The ALA’s top 10 most frequently challenged books of 2010

AKA, The Cynical-C books to read list:

1. And Tango Makes Three by Peter Parnell and Justin Richardson
Reasons: Homosexuality, religious viewpoint, unsuited to age group

2. The Absolutely True Diary of a Part-Time Indian by Sherman Alexie
Reasons: Offensive language, racism, sex education, sexually explicit, unsuited to age group, violence

3. Brave New World by Aldous Huxley
Reasons: Insensitivity, offensive language, racism, sexually explicit

4. Crank by Ellen Hopkins
Reasons: Drugs, offensive language, sexually explicit

5. The Hunger Games by Suzanne Collins
Reasons: Sexually explicit, unsuited to age group, violence

6. Lush by Natasha Friend
Reasons: Drugs, offensive language, sexually explicit, unsuited to age group

7. What My Mother Doesn’t Know by Sonya Sones
Reasons: Sexism, sexually explicit, unsuited to age group

8. Nickel and Dimed: On (Not) Getting By In America by Barbara Ehrenreich
Reasons: Drugs, inaccurate, offensive language, political viewpoint, religious viewpoint

9. Revolutionary Voices: A Multicultural Queer Youth Anthology edited by Amy Sonnie
Reasons: Homosexuality, sexually explicit

10. Twilight by Stephenie Meyer
Reasons: Religious viewpoint, violence


  1. Happy to say I’ve read 2), 3) and 8). The fact that “Nickel and Dimed” is challenged is particularly troubling, as the book is an outstanding testament to how the deck is stacked against the working poor in this country. Fascinating, funny, yet immensely sad and informative, “Nickel and Dimed” should be required reading in all schools, particularly institutions where the wealthy send their children. If nothing else, it might teach them how to tip decently.

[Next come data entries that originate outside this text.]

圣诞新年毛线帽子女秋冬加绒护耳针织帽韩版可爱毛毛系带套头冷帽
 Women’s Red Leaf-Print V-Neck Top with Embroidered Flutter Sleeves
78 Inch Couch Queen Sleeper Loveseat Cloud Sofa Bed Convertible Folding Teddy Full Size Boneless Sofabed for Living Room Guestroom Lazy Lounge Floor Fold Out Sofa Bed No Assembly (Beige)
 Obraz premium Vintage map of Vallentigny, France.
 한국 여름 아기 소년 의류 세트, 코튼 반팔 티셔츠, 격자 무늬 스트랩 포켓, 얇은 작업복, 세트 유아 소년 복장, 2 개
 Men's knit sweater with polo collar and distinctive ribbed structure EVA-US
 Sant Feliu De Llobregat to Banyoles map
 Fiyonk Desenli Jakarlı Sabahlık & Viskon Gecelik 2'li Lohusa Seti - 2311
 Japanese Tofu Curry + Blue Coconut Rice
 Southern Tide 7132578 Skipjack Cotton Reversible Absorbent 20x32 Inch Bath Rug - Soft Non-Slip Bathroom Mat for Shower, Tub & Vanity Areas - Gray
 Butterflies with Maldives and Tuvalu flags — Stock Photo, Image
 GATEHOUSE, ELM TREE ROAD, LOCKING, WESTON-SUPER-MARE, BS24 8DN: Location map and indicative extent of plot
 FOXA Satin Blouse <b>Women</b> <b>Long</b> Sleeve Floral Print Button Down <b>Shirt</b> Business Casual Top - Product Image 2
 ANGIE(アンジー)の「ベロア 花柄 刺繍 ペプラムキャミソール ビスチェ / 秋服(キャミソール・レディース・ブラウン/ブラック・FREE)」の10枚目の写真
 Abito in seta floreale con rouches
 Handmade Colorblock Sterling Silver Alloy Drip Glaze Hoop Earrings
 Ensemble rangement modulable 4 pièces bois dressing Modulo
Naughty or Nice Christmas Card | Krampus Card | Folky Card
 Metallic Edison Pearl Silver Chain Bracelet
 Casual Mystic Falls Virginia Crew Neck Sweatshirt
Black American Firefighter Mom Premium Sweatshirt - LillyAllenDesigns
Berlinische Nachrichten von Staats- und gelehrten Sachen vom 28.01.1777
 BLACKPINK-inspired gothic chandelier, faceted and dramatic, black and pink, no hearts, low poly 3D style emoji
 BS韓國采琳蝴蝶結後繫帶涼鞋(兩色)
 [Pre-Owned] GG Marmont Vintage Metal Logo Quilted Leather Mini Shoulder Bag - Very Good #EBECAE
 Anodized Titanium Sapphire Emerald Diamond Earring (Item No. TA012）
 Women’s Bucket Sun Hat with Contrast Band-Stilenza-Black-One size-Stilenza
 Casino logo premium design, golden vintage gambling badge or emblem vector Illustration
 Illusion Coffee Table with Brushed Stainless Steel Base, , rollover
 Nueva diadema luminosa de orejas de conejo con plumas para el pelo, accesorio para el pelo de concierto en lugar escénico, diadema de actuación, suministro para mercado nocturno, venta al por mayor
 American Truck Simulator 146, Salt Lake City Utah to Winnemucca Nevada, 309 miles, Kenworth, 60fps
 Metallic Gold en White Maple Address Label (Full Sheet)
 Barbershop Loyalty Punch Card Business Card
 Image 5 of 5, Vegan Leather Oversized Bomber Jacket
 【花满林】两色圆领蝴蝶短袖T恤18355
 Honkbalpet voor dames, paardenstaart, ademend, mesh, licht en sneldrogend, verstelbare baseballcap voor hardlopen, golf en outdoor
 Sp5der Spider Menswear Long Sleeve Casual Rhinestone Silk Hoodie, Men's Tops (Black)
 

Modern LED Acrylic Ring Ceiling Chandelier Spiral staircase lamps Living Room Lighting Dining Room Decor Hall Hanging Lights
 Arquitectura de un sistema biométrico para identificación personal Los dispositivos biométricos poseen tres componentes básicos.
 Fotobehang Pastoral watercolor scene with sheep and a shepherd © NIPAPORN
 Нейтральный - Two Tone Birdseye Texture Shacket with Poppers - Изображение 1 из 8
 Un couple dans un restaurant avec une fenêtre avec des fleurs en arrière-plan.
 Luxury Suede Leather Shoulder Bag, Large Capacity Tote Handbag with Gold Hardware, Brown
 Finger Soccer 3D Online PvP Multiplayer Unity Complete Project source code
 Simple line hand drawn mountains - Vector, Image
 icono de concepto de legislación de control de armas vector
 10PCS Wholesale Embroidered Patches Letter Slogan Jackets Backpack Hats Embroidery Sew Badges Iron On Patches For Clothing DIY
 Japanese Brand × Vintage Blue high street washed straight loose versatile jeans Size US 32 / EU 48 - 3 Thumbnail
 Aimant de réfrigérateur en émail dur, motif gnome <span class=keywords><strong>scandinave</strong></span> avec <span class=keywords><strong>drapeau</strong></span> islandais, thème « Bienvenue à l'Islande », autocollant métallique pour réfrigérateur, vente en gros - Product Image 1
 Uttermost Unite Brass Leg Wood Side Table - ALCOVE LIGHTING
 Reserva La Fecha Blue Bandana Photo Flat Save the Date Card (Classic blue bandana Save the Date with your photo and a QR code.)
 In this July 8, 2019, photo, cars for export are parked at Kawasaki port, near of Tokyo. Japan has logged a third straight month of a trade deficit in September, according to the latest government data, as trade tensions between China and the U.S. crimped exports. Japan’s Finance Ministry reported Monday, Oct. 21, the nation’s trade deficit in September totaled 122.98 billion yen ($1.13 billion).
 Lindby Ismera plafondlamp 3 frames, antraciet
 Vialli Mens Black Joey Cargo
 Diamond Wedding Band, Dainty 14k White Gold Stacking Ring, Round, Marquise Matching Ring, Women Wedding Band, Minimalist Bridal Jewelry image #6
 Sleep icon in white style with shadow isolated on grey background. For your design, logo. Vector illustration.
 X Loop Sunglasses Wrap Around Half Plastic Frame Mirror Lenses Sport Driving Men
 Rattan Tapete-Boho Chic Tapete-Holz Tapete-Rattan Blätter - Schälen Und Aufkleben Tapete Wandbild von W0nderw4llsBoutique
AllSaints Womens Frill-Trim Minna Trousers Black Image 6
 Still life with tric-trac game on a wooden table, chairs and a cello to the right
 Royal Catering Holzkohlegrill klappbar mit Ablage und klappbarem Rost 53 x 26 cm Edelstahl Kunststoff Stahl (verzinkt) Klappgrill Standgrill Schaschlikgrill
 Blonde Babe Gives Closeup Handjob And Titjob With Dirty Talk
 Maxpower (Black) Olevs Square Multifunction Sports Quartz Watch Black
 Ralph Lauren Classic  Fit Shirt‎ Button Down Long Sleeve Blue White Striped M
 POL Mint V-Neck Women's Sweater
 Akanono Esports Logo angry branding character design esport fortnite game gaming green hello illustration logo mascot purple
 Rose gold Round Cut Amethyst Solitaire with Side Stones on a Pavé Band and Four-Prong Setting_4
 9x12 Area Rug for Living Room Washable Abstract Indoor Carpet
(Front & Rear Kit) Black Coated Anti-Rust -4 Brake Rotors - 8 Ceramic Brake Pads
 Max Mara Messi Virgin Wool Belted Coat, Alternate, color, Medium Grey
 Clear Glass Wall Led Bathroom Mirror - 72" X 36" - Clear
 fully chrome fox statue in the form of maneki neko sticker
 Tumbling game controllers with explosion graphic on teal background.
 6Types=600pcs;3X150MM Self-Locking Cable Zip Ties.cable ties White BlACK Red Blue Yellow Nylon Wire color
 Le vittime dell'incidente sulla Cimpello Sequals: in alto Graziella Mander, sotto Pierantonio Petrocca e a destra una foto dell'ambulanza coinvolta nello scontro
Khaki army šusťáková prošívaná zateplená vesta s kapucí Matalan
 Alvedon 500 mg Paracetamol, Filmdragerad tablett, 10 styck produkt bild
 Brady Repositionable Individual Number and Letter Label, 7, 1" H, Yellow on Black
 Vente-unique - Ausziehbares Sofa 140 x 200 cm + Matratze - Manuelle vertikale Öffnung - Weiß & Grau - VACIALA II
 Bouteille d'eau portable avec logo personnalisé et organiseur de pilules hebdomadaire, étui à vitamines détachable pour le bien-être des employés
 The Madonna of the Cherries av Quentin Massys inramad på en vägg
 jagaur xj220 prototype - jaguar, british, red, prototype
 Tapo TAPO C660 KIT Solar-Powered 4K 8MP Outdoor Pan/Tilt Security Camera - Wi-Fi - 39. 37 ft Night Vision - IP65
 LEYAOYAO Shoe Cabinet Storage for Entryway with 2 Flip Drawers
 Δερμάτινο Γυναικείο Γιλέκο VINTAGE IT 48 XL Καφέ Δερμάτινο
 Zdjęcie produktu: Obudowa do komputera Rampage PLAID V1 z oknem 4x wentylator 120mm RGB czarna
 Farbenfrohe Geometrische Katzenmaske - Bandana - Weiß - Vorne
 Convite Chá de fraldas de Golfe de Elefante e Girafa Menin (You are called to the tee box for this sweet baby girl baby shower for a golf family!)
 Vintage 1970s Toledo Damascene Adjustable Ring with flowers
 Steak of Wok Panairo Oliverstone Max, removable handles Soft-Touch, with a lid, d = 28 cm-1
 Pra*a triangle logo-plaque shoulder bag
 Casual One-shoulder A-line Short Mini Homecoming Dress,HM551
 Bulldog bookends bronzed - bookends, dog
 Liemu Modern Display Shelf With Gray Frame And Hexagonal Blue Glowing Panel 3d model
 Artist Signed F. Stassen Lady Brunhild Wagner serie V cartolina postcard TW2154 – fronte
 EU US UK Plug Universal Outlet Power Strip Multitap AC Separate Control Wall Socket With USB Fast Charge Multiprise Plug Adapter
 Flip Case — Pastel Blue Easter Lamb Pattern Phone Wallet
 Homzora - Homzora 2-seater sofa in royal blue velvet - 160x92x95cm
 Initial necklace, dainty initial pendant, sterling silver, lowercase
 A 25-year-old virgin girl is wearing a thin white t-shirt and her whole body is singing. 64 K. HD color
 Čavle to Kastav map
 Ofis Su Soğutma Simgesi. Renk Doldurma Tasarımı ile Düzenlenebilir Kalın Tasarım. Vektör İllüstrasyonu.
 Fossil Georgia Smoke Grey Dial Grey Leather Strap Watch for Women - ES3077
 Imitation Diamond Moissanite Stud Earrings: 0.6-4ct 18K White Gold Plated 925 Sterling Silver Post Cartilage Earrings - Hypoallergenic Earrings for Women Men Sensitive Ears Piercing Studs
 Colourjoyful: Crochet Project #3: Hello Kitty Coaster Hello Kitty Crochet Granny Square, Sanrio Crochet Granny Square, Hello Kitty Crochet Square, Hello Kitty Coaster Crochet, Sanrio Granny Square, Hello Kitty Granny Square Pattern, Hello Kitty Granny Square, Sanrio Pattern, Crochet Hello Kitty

    1. Absolutely. Nickled an Dimed should be required reading in schools. If you can read it and not realize how fucked our country is, you are the living incarnation of Ayn Rand.

  2. Nope – can’t have folks reading about the dangers of a distopian state (Brave New World), how (as @Erich Shrempp states) the economic deck is stacked against anybody who is not rich (Nickel and Dimed), or the supernatural (Twilight) that does not involve one particular long-haired zombie in a loin cloth with holes in his hands and feet…. nosirreebob!

  3. #10 should be banned for many reasons; horrible writing, setting unrealistic expectations for teen girls viz. boyfriends, more horrible writing, making Robert whathisface famous, etc.

    1. Well apparently people have issues with it due to the religious viewpoint and violent content. Hmm, I can think of another book that meets those criteria…

      1. I have issues with the religious viewpoint and violent content in the Bible. We should get it banned for being harmful to children

  4. Brave New World has been upsetting readers since 1932.

    80. Effing. Years. Almost.

    Fine, fine writing if it still has that much emotional power over many decades of social change.

    Required reading for my kids.

  5. I’m not clear on why Alexie’s book is number two. A far as I can tell, it was only challenged in one school district. Was it because nearly every parent in the school district voted to remove the book from the school curriculum, and they’re counting each parent as a single challenge?

    Maybe the ALA should be more open with their methodology.

  6. My 3.5 year old son picked #1 out at the library because, well, penguins are cute. He was, as I anticipated, completely fine with it. Why wouldn’t two boy penguins, who spend all their time together and can’t have a baby get to raise one when they’ve shown they want to.

    Of course, he also got The Hen who Crowed. Meaning that he’s already gotten the G and T out of GLBT. I know there’s a book about two mommies…I hesitate to imagine what a toddler book about bisexuals would look like…

    1. Children do not get the credit they deserve. They are so open to accepting the way the world actually works. Gay people have been living together since the beginning, and it should not be a big deal. An un-tainted child will accept this with no problem. I think kids may actually have a better sense of logic than many adults do.

  7. Here in Seattle, a high school dropped Brave New World from the curriculum after a Native American parent objected to the portrayal of “savages” in the novel, claiming it was racist. I highly doubt said parent actually read the book.